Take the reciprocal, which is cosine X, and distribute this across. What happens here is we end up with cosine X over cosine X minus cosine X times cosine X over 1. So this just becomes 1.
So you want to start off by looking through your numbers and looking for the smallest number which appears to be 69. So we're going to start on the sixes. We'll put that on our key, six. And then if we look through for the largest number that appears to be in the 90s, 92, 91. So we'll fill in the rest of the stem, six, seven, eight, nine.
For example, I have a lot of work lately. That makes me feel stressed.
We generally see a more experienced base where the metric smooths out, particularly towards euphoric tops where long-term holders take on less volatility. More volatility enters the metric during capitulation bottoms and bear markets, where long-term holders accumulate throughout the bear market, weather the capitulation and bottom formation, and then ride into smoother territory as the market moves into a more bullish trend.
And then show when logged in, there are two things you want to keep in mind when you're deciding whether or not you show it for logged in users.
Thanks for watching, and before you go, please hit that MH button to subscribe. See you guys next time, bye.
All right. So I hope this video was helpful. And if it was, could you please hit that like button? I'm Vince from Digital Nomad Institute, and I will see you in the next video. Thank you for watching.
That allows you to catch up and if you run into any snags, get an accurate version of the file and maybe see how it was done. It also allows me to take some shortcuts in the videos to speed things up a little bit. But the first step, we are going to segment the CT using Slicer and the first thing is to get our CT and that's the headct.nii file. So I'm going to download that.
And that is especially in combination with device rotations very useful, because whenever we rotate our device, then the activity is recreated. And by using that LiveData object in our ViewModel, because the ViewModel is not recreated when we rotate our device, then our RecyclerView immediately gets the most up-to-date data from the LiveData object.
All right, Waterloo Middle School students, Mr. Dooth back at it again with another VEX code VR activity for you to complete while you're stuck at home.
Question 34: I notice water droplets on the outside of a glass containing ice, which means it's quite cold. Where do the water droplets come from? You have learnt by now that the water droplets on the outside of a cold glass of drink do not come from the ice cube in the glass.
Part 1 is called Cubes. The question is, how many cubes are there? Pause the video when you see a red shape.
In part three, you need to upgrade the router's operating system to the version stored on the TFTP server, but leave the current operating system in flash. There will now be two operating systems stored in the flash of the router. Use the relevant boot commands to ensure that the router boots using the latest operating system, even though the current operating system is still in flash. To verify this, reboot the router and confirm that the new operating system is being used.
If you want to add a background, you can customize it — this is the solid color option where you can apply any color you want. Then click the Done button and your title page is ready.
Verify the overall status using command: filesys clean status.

[Exercise aim] From the records above, report the count of lines containing "right" and nothing more.

[Response to this exercise] 2